3: Give More Than You Take
Love takes pleasure from giving. If we want to make love, then the most important thing we can do is give without expectations of returns. Give like Mother Teresa gave to the lepers in Calcutta, like Jesus gave on the cross. I know these aren’t sexy images, but that shows the disconnect between having sex and making love.
The sexiest thing that one can do is give to another unconditionally. Unfortunately, sex has been advertised as something that we get, take, or have. Love, on the other hand, can never be taken; it can only be given. If we want to make love, then the only thing we can do is give.
On practical terms, we can think about the elephant in the room—orgasm. Always try to give orgasm rather than get climax. If you can’t give in this manner, than give something of equal or greater value. Above all, try not to take freely without reciprocating. Like Ms. Claudette in Orange is the New Black says, “Love is not an excuse” for selfish behavior.
4: Act and Speak to Deepen Connection
The most noticeable difference between making love and having sex can be seen in how we act and speak. Love is about connection. What can you say or do to deepen the connection between you and your partner?
Notice that this takes a lot of attunement. Sometimes the things you say or do to one person may deepen your connection, but if you say or do these exact same things to another person, they might feel ignored, threatened, or abused.
Love is custom-made for each person, so it makes sense that making love will take into account each individual’s desires, fears, and idiosyncrasies. This requires understanding and empathy, which is why it is so hard to make love during a one-night stand.
Quick Tip: The easiest way to connect is through the eyes. The eyes are the window to not only the soul, but also the heart. In times of intimacy, try to maintain eye contact. Make sure you see your partner and let them see you.
5: Nurture the Love That Is Made
Making love is like making a baby: love needs to be nurtured and cared for before it can survive on its own. After having sex, we often check out or leave. Making love requires a deeper commitment.
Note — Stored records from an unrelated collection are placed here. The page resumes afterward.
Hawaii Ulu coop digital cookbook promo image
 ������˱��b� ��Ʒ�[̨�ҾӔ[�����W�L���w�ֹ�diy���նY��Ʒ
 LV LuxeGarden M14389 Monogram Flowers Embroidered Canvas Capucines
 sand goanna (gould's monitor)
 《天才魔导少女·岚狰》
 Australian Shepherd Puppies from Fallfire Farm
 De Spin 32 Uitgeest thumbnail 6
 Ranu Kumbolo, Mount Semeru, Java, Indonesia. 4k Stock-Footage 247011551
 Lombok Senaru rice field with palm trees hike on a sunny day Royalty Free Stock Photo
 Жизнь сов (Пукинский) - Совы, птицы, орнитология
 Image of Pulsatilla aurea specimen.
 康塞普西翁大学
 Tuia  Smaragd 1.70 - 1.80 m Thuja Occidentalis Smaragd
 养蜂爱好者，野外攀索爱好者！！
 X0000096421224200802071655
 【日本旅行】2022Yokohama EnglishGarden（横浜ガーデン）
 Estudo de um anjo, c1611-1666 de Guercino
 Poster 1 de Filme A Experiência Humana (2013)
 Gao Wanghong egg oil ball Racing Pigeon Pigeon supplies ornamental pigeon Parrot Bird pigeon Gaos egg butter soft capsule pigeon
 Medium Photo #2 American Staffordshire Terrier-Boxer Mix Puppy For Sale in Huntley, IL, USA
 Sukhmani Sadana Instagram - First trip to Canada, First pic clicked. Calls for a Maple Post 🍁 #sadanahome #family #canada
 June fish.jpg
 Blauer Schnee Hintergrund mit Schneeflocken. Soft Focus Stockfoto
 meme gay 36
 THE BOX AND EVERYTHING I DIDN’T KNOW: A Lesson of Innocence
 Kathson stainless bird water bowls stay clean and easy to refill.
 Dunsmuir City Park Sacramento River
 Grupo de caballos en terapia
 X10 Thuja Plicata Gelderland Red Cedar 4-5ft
After the love making, it is often necessary to repeat the first four steps over and over in order to ensure that the love does not regress into just sex. Sometimes we have to stay present and talk to deepen connection. Other times we might have to embrace what is, especially when things don’t go like we want them to go.
To clarify, there is nothing wrong with having consensual sex. The problem arises when one person wants to make love and the other wants to have sex. Knowing the difference can prevent the harm and shame inherent in this misunderstanding.
Making love is a lot easier than learning tantric or getting six pack abs. All you need to do is gather the ingredients and mix thoroughly. And don’t forget to have fun.